Optimising For Voice Search
‘Okay Google, find a cashpoint near me’
Voice search. Do you use it often? It used to be limited to asking for the capital of Germany or getting directions to the best pizza place in the city, but voice assistants have upped their game over the last few years, so now you can change your shopping list, set an alarm for the following morning and call someone, all within five minutes.
Everyone has heard of the three main voice assistants, Alexa, Siri and Google. But do you realise how much they can do? Voice search is mainly used just for searching the internet and answering your questions, but Google has recently launched Duplex in the UK, which means you can now call a business and not interact with a person, but rather AI. This video shows how you can ring a hairdresser and even if no one is available to answer the phone, you can still book an appointment and know it’s confirmed, without having to leave a message and wait for someone to call you back.
Voice search has seen an increase in popularity, so much so that more than 50% of searches are expected to be via voice search over the next few years. As people travel further than they have in recent years, there’ll be an increased need for hands free search on the go. As long as your device can pick up your voice, you have your assistant at your beck and call, whether you need to call someone, add an item to your shopping list or order food to be delivered in time for your arrival at your destination. In addition, did you know you can also purchase items via your assistant? Due to the fact that Alexa is Amazon’s own product, you can purchase straight from Amazon via Alexa and then track your parcel, simply by asking ‘Alexa, where is my parcel?’.
So how do you use optimise voice search for your business strategy? People often use voice search as a way of finding places near them, e.g. ‘Ok Google, what restaurants are near me?’. This works well when you claim your Google My Business listing and keep it up to date. By ensuring you have the right address, phone number, opening times etc, Google can give your business as a suggestion to a user searching and then give the user instructions on how to find your business.
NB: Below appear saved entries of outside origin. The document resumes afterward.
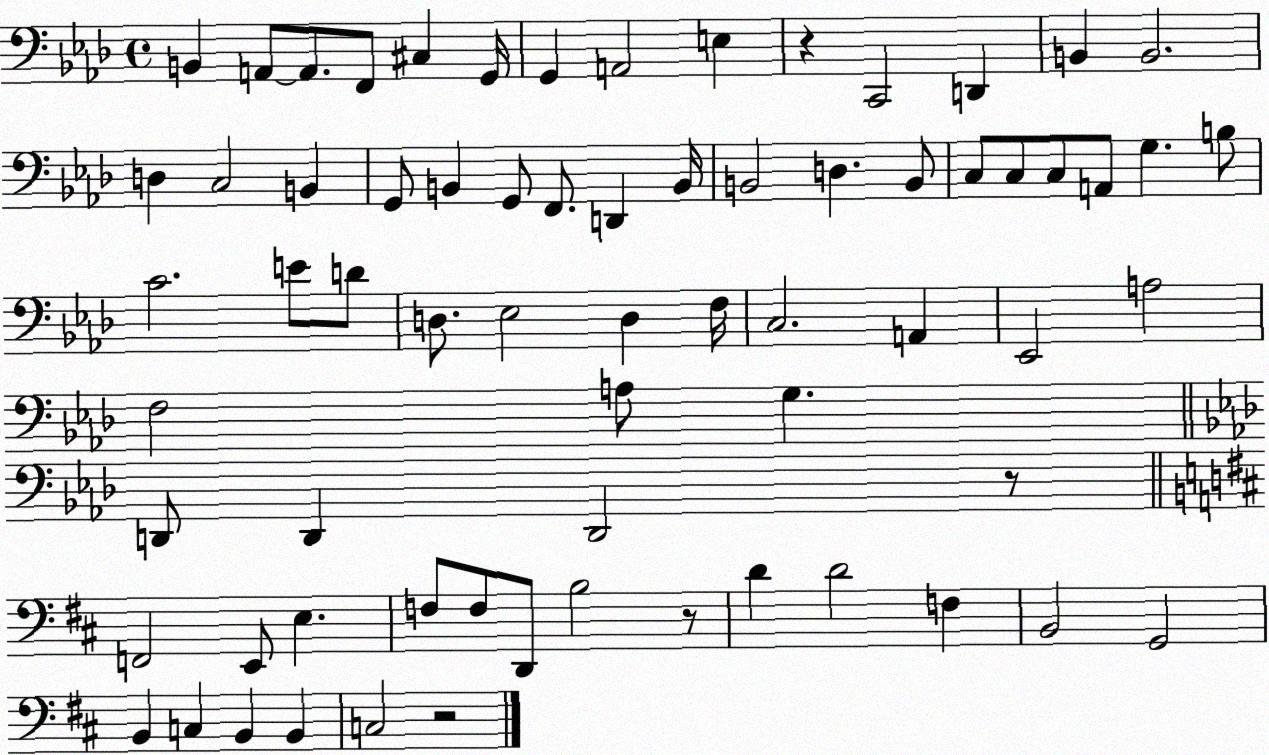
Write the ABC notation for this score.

X:1
T:Untitled
M:4/4
L:1/4
K:Ab
B,, A,,/2 A,,/2 F,,/2 ^C, G,,/4 G,, A,,2 E, z C,,2 D,, B,, B,,2 D, C,2 B,, G,,/2 B,, G,,/2 F,,/2 D,, B,,/4 B,,2 D, B,,/2 C,/2 C,/2 C,/2 A,,/2 G, B,/2 C2 E/2 D/2 D,/2 _E,2 D, F,/4 C,2 A,, _E,,2 A,2 F,2 A,/2 G, D,,/2 D,, D,,2 z/2 F,,2 E,,/2 E, F,/2 F,/2 D,,/2 B,2 z/2 D D2 F, B,,2 G,,2 B,, C, B,, B,, C,2 z2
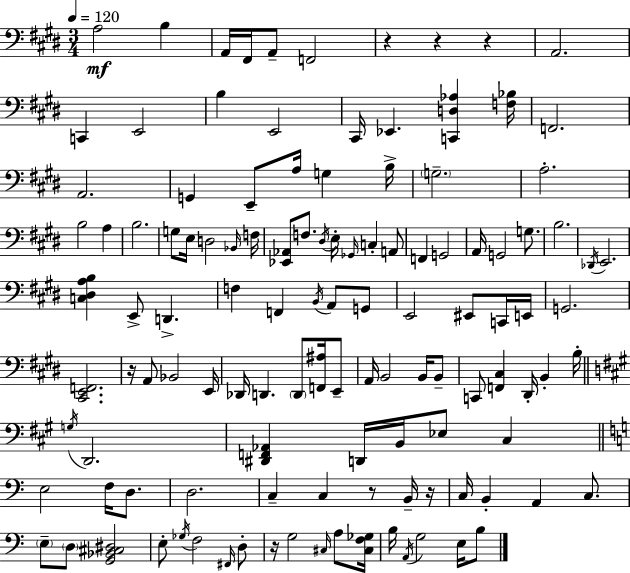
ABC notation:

X:1
T:Untitled
M:3/4
L:1/4
K:E
A,2 B, A,,/4 ^F,,/4 A,,/2 F,,2 z z z A,,2 C,, E,,2 B, E,,2 ^C,,/4 _E,, [C,,D,_A,] [F,_B,]/4 F,,2 A,,2 G,, E,,/2 A,/4 G, B,/4 G,2 A,2 B,2 A, B,2 G,/2 E,/4 D,2 _B,,/4 F,/4 [_E,,_A,,]/2 F,/2 ^D,/4 E,/4 _G,,/4 C, A,,/2 F,, G,,2 A,,/4 G,,2 G,/2 B,2 _D,,/4 E,,2 [C,^D,A,B,] E,,/2 D,, F, F,, B,,/4 A,,/2 G,,/2 E,,2 ^E,,/2 C,,/4 E,,/4 G,,2 [^C,,E,,F,,]2 z/4 A,,/2 _B,,2 E,,/4 _D,,/4 D,, D,,/2 [F,,^A,]/4 E,,/2 A,,/4 B,,2 B,,/4 B,,/2 C,,/2 [F,,^C,] ^D,,/4 B,, B,/4 G,/4 D,,2 [^D,,F,,_A,,] D,,/4 B,,/4 _E,/2 ^C, E,2 F,/4 D,/2 D,2 C, C, z/2 B,,/4 z/4 C,/4 B,, A,, C,/2 E,/2 D,/2 [G,,_B,,^C,^D,]2 E,/2 _G,/4 F,2 ^F,,/4 D,/2 z/4 G,2 ^C,/4 A,/2 [^C,F,_G,]/4 B,/4 A,,/4 G,2 E,/4 B,/2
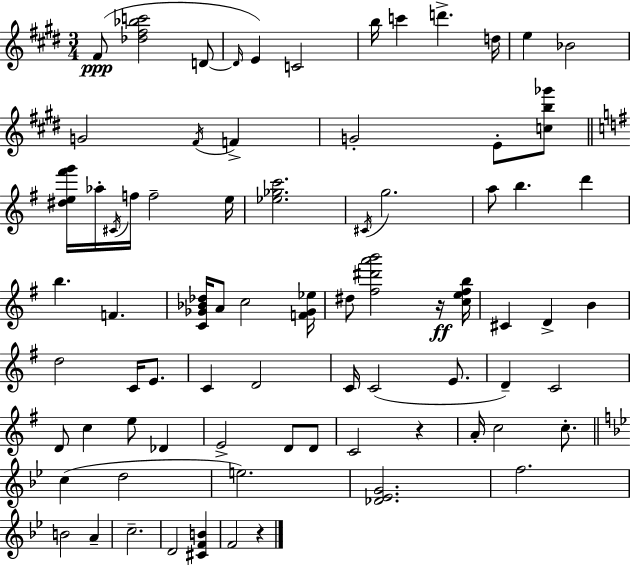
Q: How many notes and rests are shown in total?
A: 77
This means you don’t have to rely on someone searching for your specific business, as long as you include your sector and the products and services that you offer, Google can pick up your listing and return it as a result for a search.
The below graphic also shows how important it is to understand the trends of voice search. When you’re driving, you ask your voice assistant a straight question, people treat them like people, which means your website needs to be able to accommodate this type of voice search. An FAQs page allows web crawlers to crawl your website and immediately know what the content is, your page can then be used when a user searches for one of your questions. You can also see the importance as a business with a set location, 40% of adults use voice search for asking for directions. If you’ve recently moved locations and haven’t updated your Google My Business listing, then Google will direct possible customers to your old address.
The importance of voice search in this time is evident everywhere. People are always looking for easier quicker ways to get tasks completed, and seeing as speaking is quicker than finding your phone and typing, I think it’s safe to say voice search is here for the long run.